L’Anagrafe Canina (cane, gatto, furetto):
L’anagrafe canina rappresenta lo strumento più idoneo per garantire i diritti di proprietà e le responsabilità connesse con questa ed è un obbligo di legge (Legge Regionale 21 ottobre 1997 n. 34, Ordinanza Ministeriale 6 Agosto 2008) per tutti i proprietari di cani.
L’iscrizione degli animali deve essere effettuata entro i due mesi di vita o comunque entro trenta giorni dal possesso se l’animale ha più di due mesi.
E' possibile tuttavia registrare nella suddetta anagrafe anche gatti e furetti, per i quali però non vi è l'obbligo di iscrizione, salvo nel caso del rilascio del passaporto europeo ai sensi del regolamento (CE) 998/2003.
Solo l'iscrizione in questa banca dati ha carattere di ufficialità.
Qui di  seguito è disponibile una pagina dove è possibile inserire il numero di microchip di un animale da compagnia e verificare se è regolarmente iscritto.

Il Microchip:
E’ un piccolo dispositivo elettronico che viene applicato esclusivamente dai veterinari per via sottocutanea: è un sistema rapido, innocuo e indolore.
Fondamentale per tutelare il benessere animale e per contrastare l’abbandono, permette di rintracciare in tempo reale il proprietario di un animale smarrito, attraverso la lettura immediata del Microchip inoculato.
Dal 2005 ha sostituito il tatuaggio: se quest'ultimo è perfettamente leggibile non è obbligatorio inserire anche il microchip.
Tuttavia a partire dal 3 luglio 2012, il microchip diventerà l’unico sistema di identificazione riconosciuto in Europa.

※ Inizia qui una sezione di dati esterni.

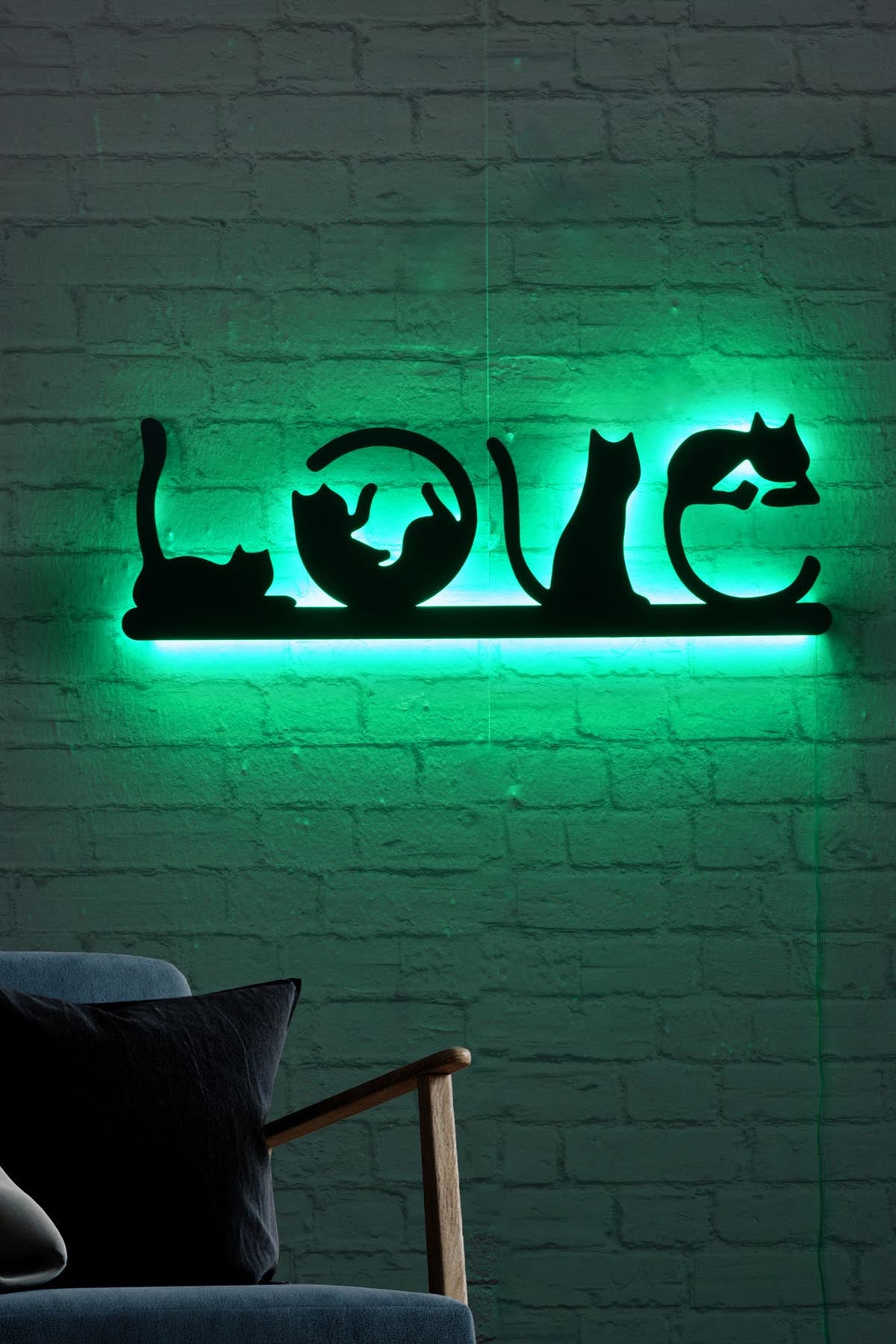 Cat Love - Green in Grün präsentiert im Onlineshop von KAQTU Design AG. Wandleuchte ist von Wallity
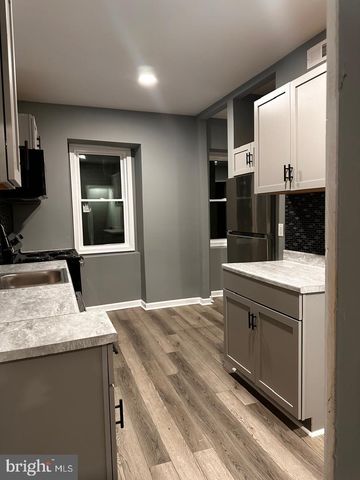 32 KENT RD, Upper Darby, PA 19082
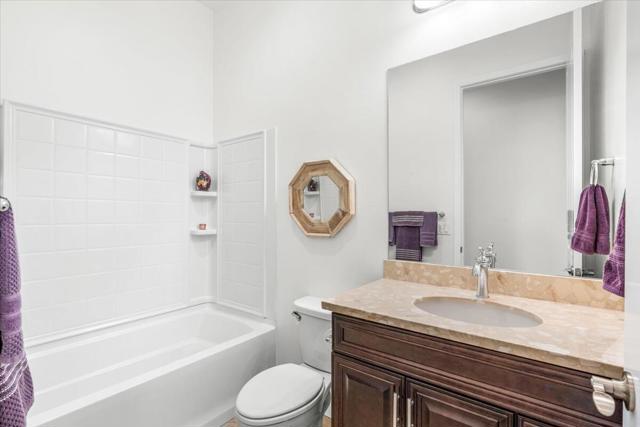 39313 Camino Las Hoyes, Indio CA: https://media.crmls.org/mediaz/3337fc56-bd50-48ec-a08f-52a1c0f00260.jpg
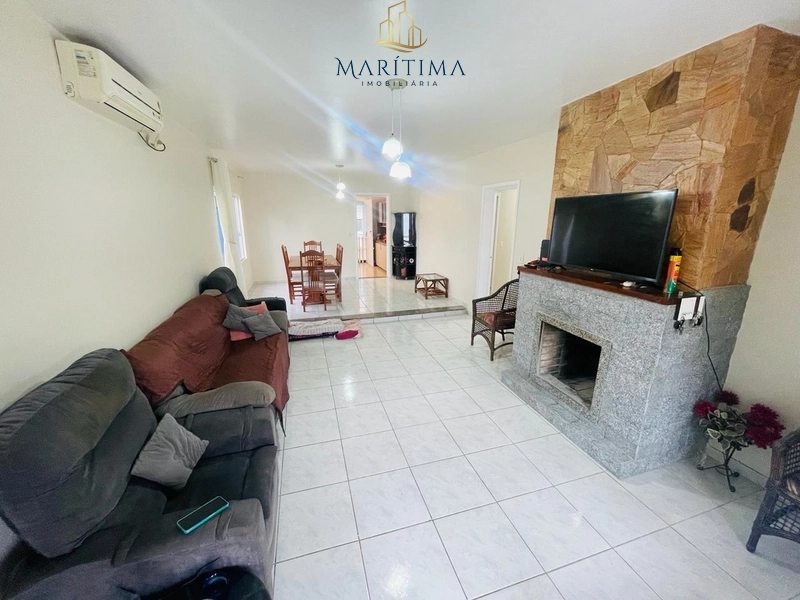 Casa ampla entre centro e o mar!: 2ª foto da galeria de imagens do imóvel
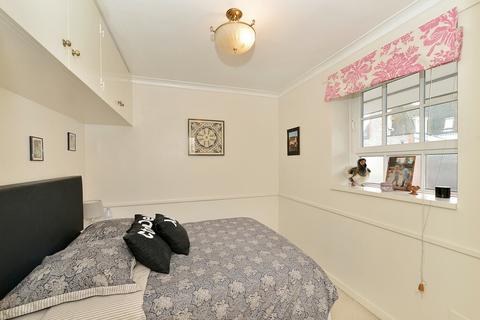 2 bedroom apartment to rent, Ebury Bridge Road, Pimlico, SW1W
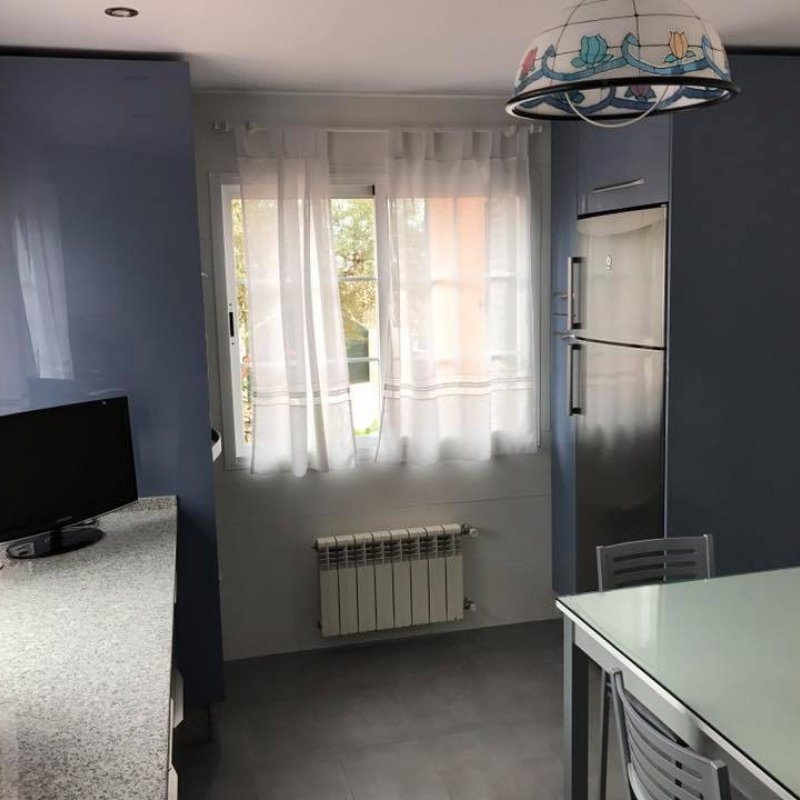 Cocina con puertas HPL tirador inox con encimera granito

Perché iscrivere il proprio animale da compagnia?
Per identificare il cane e risalire al proprietario in caso di abbandono, furto o smarrimento, evitando così che diventi un randagio e che possa essere portato in un canile.
Il controllo del randagismo e la tutela del Benessere animale rappresentano una priorità della Giunta Regionale, che a tale scopo ha istituito un “Osservatorio Regionale contro il randagismo” che ha coinvolto le istituzioni locali, i professionisti pubblici e privati e le associazioni animaliste.
Infine è importante far presente che i Servizi di Sanità Pubblica Veterinaria Regionale oltre ad occuparsi di tutela del Benessere animale concorrono a garantire anche la salubrità dei cibi prodotti e commercializzati e a prevenire le malattie animali limitando i fattori di rischio per la salute umana.
Registrare il proprio cane, gatto e furettto, significa amarlo veramente e contrastare l'odioso fenomeno dell'abbandono.

Come fare?
Vai con il tuo cane, gatto o furetto da un veterinario accreditato o presso il servizio veterinario della tua ASL con un documento di riconoscimento e il codice fiscale.
Il veterinario applicherà il microchip al cane, lo iscriverà all’anagrafe canina e ti rilascerà la sua scheda anagrafica e se richiesto il Passaporto UE (Per il passaporto rivolgersi alla ASL).
Ricordati che il mancato rispetto degli obblighi relativi all'anagrafe canina, per la specie "canina", comporta una sanzione amministrativa.